The picture might be me if taken in very low light, and once again the homepage link is to my home page. My association with George Mason University is much like my association with Johns Hopkins University: nonexistent. (For future reference, I have no association with any university whose school name is or sounds like the first and last names of a person.) "Business Administration and Economics" might fit me, to the extent that some of my publications are in journals that fall in that category (and I did teach in a business school), but nuclear physics and nuclear energy are a major mismatch.
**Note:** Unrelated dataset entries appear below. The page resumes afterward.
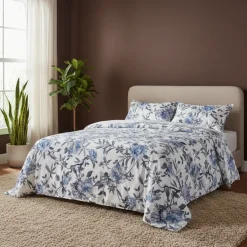 Set lenzuola matrimoniale MIRABELLO in raso Oriental Peony grigio-blu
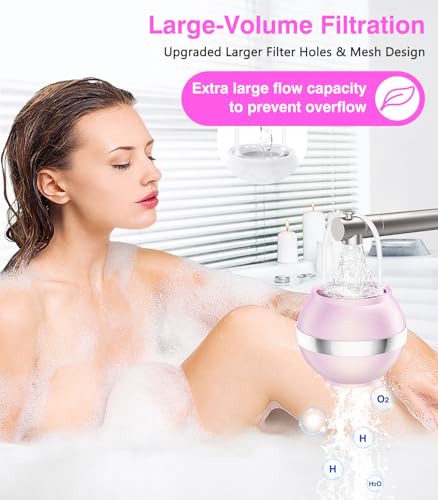 MoKo Badewannenwasserfilter für Babys und Erwachsene, Badefilter für die Badewanne, Wasserenthärter für glattere Haut, Haare und Nägel, Badefilter mit Duschball und Shampoonierbürste, Rosa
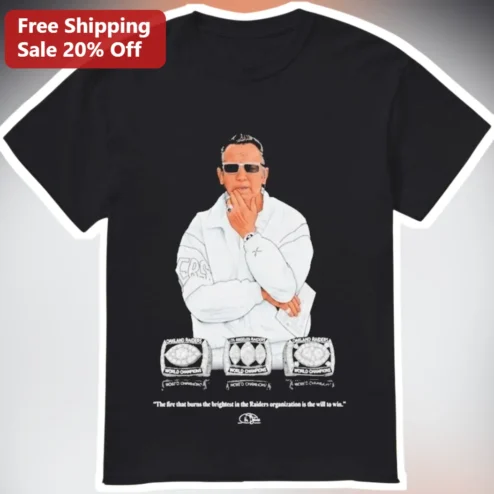 Raiders Will To Win Fire Burns Brightest Jon Gruden Signature Graphic Tee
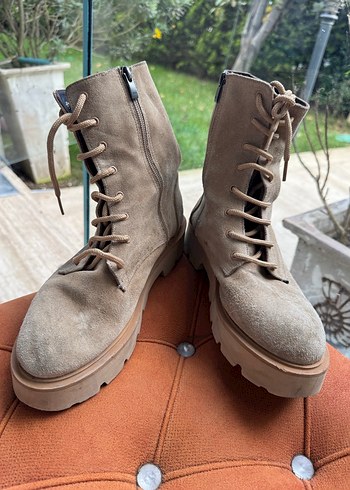 Bej Süet Kadın Dolgu Topuklu Bot - Görsel 3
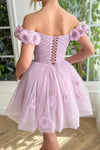 Charming Lilac Cute Short Homecoming Dresses Handmade 3D Flowers Mini Prom Gowns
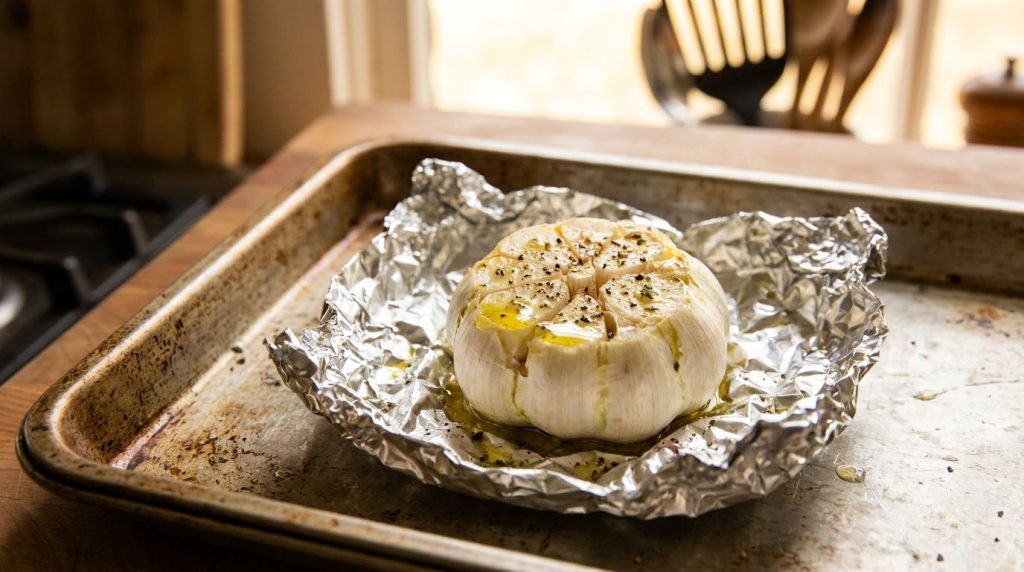 A head of garlic with the top sliced off drizzled with olive oil and seasoned wrapped in foil ready for roasting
My parole office won't let me have a slingshot, much less get near anything fissile. For that matter, I'm wondering if the PAR at GMU (if one really exists) actually has one foot in business and another in nuclear anything. (I say "another" and not "the other" because playing with nuclear stuff has been known to cause mutations.)

If you examine the list of publications on that second page, some are mine and some are very much not.

I searched the site for instructions on how to report errors. The answer is that you do not report them; you edit them out yourself. I have no idea if this means that anyone with an account can edit these pages (what could possibly go wrong with that?), or if the "owner" has to edit the page (in which case who owns the second one, me or my doppelganger at GMU?). In any event, I have no intention of creating an account with Microsoft just so that I can clean up their errors.

If I could edit the pages, I'd be tempted to change my photos into links to Google Scholar. So probably MS is just as happy that I'm not setting up an account.